In Cook County, 14,173 people lost their lives to COVID-19. Statewide, 33,139 died of COVID, including 6,124 Blacks and 4,619 Latinos.

Nationally more than one million people have died from the disease. Worldwide, 6,051,011 people have died from COVID-19, according to the Johns Hopkins Hospital COVID-19 dashboard.

There are reports that the Omicron sub-variant, the Deltacron, has doubled in cases in some parts of the country, a sign that the pandemic may not be over. Lightfoot said too many Chicagoans remain unprotected, especially Black residents.

“Last December, we marked the one-year anniversary of vaccines arriving in Chicago, and they have been a game changer, saving thousands of lives,” said Dr. Allison Arwady, Commissioner of the Chicago Department of Public Health (CDPH).

“But as Omicron showed us, this virus is unpredictable, and it is not done with us. COVID-19 will continue to be with us, and we can’t let up in our push for vaccination, and our commitment to fighting racial inequities. They were brought to light by the pandemic, but that’s been a focus of CDPH for decades, and we’re now doubling down on those efforts.”

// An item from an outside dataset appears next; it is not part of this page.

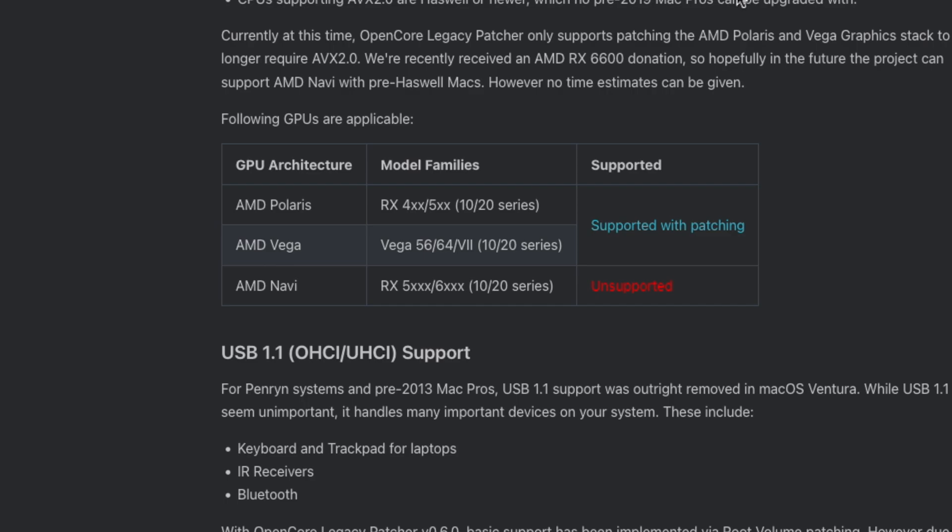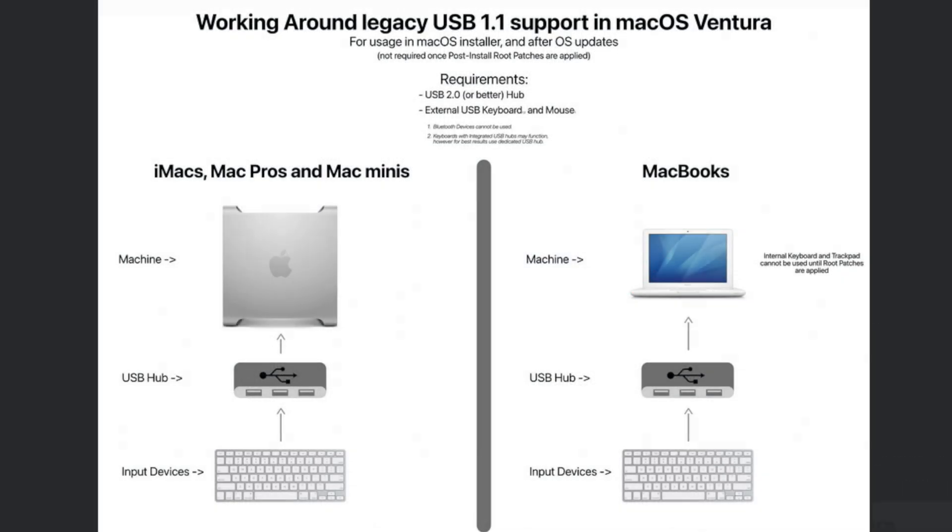So some GPUs work and some do not work. My RX 6800 XT is excluded from the list of working supported GPUs, but the RX 580 does work, and a lot of people have that. The other thing is you have to have a USB hub to get USB 2.0 or better.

CDPH continues to offer free, at-home vaccinations to everyone age five and older in Chicago.

Arwady said equity in vaccination continues to be a focus in minority neighborhoods, which have consistently had lower vaccination rates. While nearly 82 percent of Chicagoans age five and up have had at least one dose of the vaccine, for Black Chicagoans that number is just 61 percent.

After the pandemic began, the city created the Racial Equity Rapid Response Team (RERRT), which brought together community leaders, public health entities, city government, and health institutions to help craft Chicago’s equitable COVID-19 response strategies and put those strategies into action. The result was resources dedicated to the most highly impacted communities, which include many Black zip codes.

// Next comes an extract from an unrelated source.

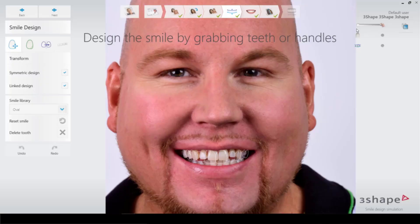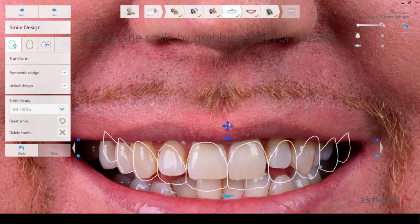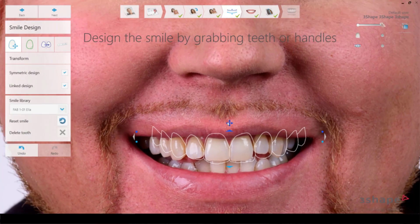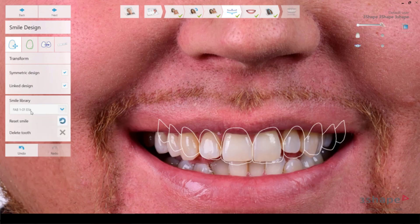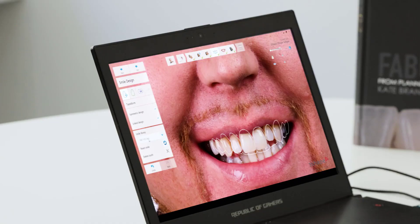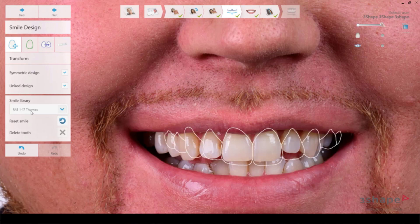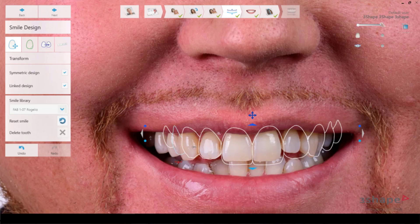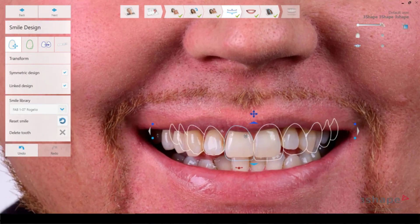We can remove those lines if we want to, and switch between the retracted photo and the full face photo. Basically what I'm doing is checking for a library that fits the patient. Normally with the Fabulous Smiles book, you can let the patient look through and see if they find a smile they really like. We have 18 nice libraries here — all natural, all asymmetric — and you will see a lot of asymmetry, and that's on purpose.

“Equity is not only part of the COVID-19 recovery strategy, equity is the strategy,” said Chief Equity Officer Candace Moore, who led the Racial Equity Rapid Response Team. “And as we continue to move forward, the work done with the RERRT continues to guide our work toward long-term systemic transformation, which will impact generations of residents across our city.”

CDPH also created Healthy Chicago Equity Zones as an extension of this racial and health equity work.

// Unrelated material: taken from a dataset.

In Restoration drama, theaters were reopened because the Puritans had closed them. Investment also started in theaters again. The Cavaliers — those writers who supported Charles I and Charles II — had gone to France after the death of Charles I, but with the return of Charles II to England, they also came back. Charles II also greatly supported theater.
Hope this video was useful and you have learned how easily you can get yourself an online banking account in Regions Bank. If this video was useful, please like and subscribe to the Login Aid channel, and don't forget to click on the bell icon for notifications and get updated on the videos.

CDPH allocated $9.6 million from COVID-19 relief funding to establish these zones – six geographic areas covering the entire city led by regional and community organizations that are creating community-based stakeholder coalitions focused on targeted strategies to improve community and individual wellness for the long term.

The HCEZs are helping the city better address the health disparities that were further amplified during the pandemic.